**Supplied data:**
== Segment start ==

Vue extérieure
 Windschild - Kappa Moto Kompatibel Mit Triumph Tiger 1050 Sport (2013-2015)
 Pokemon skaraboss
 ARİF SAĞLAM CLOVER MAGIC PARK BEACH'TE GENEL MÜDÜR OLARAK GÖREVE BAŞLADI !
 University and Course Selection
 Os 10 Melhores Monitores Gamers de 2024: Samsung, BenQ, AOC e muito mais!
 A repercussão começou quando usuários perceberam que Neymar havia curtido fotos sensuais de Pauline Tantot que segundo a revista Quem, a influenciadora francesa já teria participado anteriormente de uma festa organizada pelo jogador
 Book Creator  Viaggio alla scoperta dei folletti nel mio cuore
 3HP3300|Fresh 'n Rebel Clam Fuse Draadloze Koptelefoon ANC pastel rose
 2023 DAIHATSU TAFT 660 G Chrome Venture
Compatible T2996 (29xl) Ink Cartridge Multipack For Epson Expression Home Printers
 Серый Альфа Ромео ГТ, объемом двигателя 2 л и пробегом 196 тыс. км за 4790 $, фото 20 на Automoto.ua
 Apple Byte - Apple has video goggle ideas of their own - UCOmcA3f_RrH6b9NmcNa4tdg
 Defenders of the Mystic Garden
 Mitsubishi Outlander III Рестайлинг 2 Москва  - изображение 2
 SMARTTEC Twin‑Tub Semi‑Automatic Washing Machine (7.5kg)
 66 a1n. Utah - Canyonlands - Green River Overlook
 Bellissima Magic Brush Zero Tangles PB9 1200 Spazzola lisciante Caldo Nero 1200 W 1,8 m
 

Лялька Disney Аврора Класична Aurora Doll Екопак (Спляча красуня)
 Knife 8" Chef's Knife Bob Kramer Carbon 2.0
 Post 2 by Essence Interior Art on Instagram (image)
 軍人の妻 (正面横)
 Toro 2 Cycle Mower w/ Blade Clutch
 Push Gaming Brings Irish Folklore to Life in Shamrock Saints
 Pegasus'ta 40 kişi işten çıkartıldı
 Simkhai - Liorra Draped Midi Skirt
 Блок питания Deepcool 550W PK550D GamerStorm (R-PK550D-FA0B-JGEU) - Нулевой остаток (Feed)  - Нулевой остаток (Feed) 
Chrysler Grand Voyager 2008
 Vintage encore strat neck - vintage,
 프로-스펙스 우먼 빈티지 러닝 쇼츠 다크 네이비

== Segment end ==

**Task objective:**
Write out, exactly as given, the line containing "Defenders of the Mystic Garden" and every line after it to the end of the records. Include nothing else.

**Result below:**
 Defenders of the Mystic Garden
 Mitsubishi Outlander III Рестайлинг 2 Москва  - изображение 2
 SMARTTEC Twin‑Tub Semi‑Automatic Washing Machine (7.5kg)
 66 a1n. Utah - Canyonlands - Green River Overlook
 Bellissima Magic Brush Zero Tangles PB9 1200 Spazzola lisciante Caldo Nero 1200 W 1,8 m
 

Лялька Disney Аврора Класична Aurora Doll Екопак (Спляча красуня)
 Knife 8" Chef's Knife Bob Kramer Carbon 2.0
 Post 2 by Essence Interior Art on Instagram (image)
 軍人の妻 (正面横)
 Toro 2 Cycle Mower w/ Blade Clutch
 Push Gaming Brings Irish Folklore to Life in Shamrock Saints
 Pegasus'ta 40 kişi işten çıkartıldı
 Simkhai - Liorra Draped Midi Skirt
 Блок питания Deepcool 550W PK550D GamerStorm (R-PK550D-FA0B-JGEU) - Нулевой остаток (Feed)  - Нулевой остаток (Feed) 
Chrysler Grand Voyager 2008
 Vintage encore strat neck - vintage,
 프로-스펙스 우먼 빈티지 러닝 쇼츠 다크 네이비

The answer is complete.